B. R. Collins was born in 1981 and lives in Kent. She studied English at Kings College, Cambridge, then trained as an actor at the London Academy of Music and Dramatic Art.

She was twice winner of the Young National Poetry Competition, and two of her plays have been produced, with her free adaptation of Trojan Women being performed at the Edinburgh Festival Fringe.

She is the author of several novels for young adults. Her first book, The Traitor Game, won the 2009 Branford Boase Award and her second, A Trick of the Dark (2009), was shortlisted for the Coventry Inspiration Prize.Tyme's End, a psychological thriller, was published in 2011.
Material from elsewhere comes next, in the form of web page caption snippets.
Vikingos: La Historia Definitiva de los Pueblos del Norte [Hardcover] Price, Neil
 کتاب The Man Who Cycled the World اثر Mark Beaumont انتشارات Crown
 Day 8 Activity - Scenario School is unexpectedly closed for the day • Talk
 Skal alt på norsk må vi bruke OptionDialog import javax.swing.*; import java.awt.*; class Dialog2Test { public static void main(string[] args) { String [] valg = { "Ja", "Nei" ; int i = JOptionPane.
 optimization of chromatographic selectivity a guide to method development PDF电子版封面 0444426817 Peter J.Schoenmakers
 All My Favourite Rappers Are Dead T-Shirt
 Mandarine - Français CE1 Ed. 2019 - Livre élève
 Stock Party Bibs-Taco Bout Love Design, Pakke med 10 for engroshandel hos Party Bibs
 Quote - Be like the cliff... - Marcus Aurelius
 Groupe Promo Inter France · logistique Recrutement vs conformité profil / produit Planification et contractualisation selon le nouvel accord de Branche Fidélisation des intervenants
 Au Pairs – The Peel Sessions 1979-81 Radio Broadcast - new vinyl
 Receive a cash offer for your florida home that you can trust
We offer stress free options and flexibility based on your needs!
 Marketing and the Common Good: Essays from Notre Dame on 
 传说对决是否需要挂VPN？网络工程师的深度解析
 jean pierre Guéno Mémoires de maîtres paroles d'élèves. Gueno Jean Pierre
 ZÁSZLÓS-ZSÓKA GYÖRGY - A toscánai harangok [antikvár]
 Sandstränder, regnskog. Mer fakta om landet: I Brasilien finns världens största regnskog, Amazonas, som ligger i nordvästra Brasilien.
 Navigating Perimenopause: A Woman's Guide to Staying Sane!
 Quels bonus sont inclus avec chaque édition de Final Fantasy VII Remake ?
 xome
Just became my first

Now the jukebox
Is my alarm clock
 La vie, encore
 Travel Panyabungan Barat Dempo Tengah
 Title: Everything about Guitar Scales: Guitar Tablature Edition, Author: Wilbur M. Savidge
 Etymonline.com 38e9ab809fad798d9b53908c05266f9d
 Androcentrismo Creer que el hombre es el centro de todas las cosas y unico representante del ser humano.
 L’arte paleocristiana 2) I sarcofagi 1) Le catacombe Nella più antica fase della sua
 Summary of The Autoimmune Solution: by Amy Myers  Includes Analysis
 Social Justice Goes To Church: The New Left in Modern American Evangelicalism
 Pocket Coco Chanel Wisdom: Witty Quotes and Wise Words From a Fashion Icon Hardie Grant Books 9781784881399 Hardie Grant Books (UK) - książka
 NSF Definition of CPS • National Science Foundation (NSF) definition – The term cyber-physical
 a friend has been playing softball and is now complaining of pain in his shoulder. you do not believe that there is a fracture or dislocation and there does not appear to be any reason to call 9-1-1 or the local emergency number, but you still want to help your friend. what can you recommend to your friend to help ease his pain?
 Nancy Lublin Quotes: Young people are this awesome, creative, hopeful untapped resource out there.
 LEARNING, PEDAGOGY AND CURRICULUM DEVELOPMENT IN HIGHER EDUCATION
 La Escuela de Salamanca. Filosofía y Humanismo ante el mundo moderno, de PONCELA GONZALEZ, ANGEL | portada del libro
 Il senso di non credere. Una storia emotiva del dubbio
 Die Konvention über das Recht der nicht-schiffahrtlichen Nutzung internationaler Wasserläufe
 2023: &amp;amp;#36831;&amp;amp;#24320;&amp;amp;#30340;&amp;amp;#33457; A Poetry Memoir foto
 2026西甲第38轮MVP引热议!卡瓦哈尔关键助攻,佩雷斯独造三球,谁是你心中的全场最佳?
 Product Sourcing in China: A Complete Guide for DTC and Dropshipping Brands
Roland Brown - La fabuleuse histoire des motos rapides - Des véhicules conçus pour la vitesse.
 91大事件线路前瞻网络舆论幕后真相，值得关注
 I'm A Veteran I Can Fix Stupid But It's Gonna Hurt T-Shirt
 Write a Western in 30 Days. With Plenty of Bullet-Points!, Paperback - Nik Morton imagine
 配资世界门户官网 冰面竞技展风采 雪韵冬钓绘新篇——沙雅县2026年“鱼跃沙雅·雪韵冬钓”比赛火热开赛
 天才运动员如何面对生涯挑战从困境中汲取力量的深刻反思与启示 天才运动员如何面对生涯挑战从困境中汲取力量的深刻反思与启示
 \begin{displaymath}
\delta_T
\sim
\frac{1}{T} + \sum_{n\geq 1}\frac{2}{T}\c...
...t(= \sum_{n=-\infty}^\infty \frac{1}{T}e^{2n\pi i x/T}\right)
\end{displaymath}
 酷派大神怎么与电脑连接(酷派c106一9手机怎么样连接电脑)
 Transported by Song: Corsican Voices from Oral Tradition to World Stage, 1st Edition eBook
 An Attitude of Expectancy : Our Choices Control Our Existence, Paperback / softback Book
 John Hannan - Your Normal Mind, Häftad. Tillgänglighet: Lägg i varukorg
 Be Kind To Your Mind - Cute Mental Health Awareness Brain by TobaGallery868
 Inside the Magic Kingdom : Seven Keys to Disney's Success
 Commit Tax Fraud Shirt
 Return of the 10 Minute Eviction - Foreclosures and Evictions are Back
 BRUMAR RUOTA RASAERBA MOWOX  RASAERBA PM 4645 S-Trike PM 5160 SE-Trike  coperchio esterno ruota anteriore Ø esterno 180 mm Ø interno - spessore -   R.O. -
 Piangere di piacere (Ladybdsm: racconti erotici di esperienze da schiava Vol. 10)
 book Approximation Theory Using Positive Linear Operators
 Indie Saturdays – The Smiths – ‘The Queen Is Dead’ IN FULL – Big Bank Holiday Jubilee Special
Gamerunner (2011) and its sequel, Mazecheat (2012), are thrillers set in a future world of computer gaming. 2012 also saw the publication of her novel, The Broken Road, a historical novel based on the Children's Crusade of 1212.

Bibliography

The Broken Road
Mazecheat
Tyme's End
Gamerunner
The Traitor Game
A Trick of the Dark

Awards

2009
Branford Boase Award
2009
Coventry Inspiration Prize

Author statement

I write because it's a way to live other people's lives. When you're writing, you enter a new world, become someone else; and that gives you the space and the freedom to experience the extremes of passion and drama, explore all the dark, exciting things that you wouldn't want to live for real. Books can - indeed, should - touch you, shake you up, make you laugh and cry, make you feel uncomfortable: but they can't damage you. It's like being a tightrope walker with a safety net. And I write because it's a way to live my life. It's a way for me to make sense of things - when I write about other people, I understand myself better (after all, when it comes down to it, all those "other people" are also, sort of, me) but also because writing is just ... fun. There's a rush I get when the writing is going well that it's hard to beat. And sometimes, very occasionally, I look back at what I've written and I don't quite know where it's come from: and all I can say is, wow, I did that. I don't know how I did it, but I made that. And I'm proud of it. That's the best.